(Records excerpted from a collection)
■ ■ ■

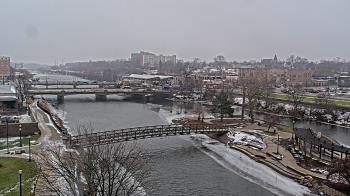 Weather camera view of City of Elgin.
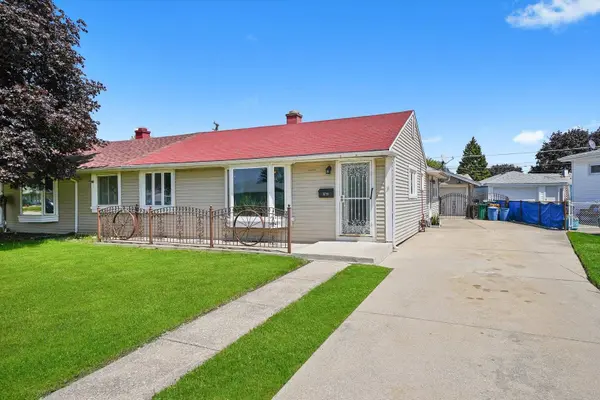 8759 S Kilbourn AVE, Hometown, IL 60456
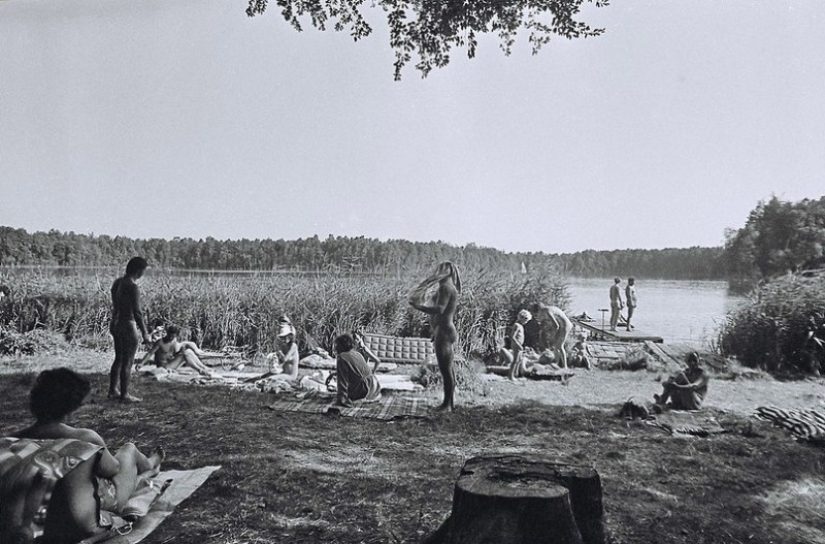 La desnudez como la norma: ¿por qué los Alemanes no dudó en desnudarse en público La desnudez como la norma: ¿por qué los Alemanes no dudó en desnudarse en público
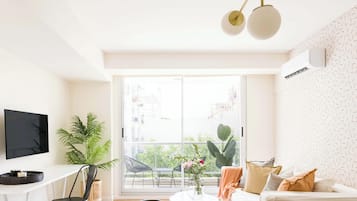 Apartamento, 2 habitaciones | Zona de estar | Smart TV de 42 pulgadas con canales por cable, una televisión
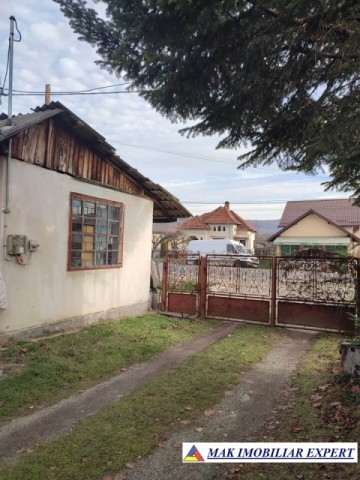 casa-6-camere-teren-4000-mp-de-vanzare-in-schitu-golesti-arges-11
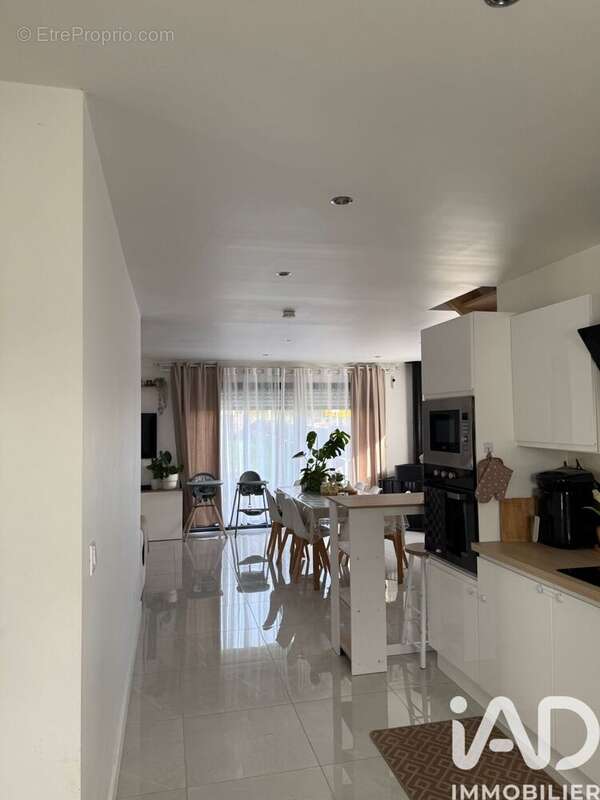 Photo 3 - Maison à CORDEMAIS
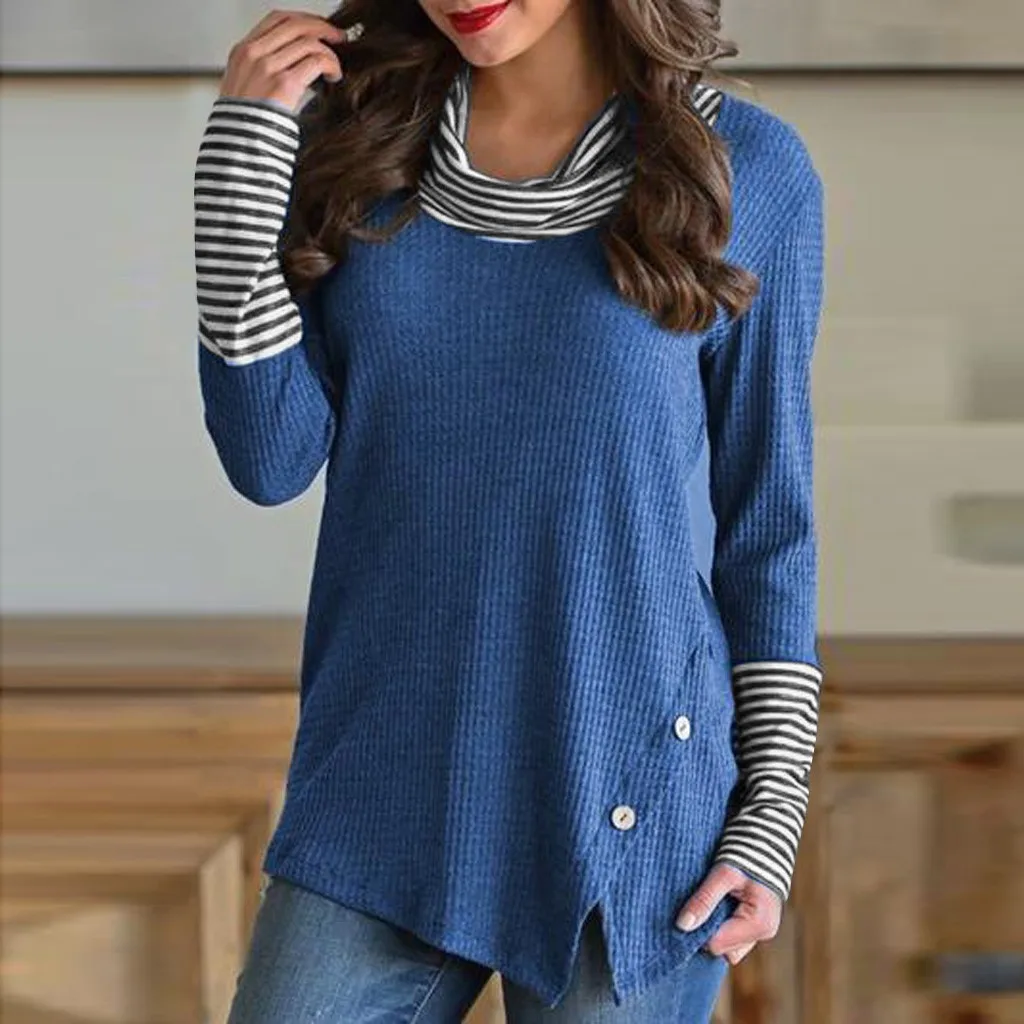 Женская трикотажная блузка в полоску с длинными рукавами высоким воротником и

■ ■ ■

§ **YOUR OBJECTIVE**
Type the entries again verbatim. Drop the images.

§ **RESPONSE TO THE TASK**
 Weather camera view of City of Elgin.
 8759 S Kilbourn AVE, Hometown, IL 60456
 La desnudez como la norma: ¿por qué los Alemanes no dudó en desnudarse en público La desnudez como la norma: ¿por qué los Alemanes no dudó en desnudarse en público
 Apartamento, 2 habitaciones | Zona de estar | Smart TV de 42 pulgadas con canales por cable, una televisión
 casa-6-camere-teren-4000-mp-de-vanzare-in-schitu-golesti-arges-11
 Photo 3 - Maison à CORDEMAIS
 Женская трикотажная блузка в полоску с длинными рукавами высоким воротником и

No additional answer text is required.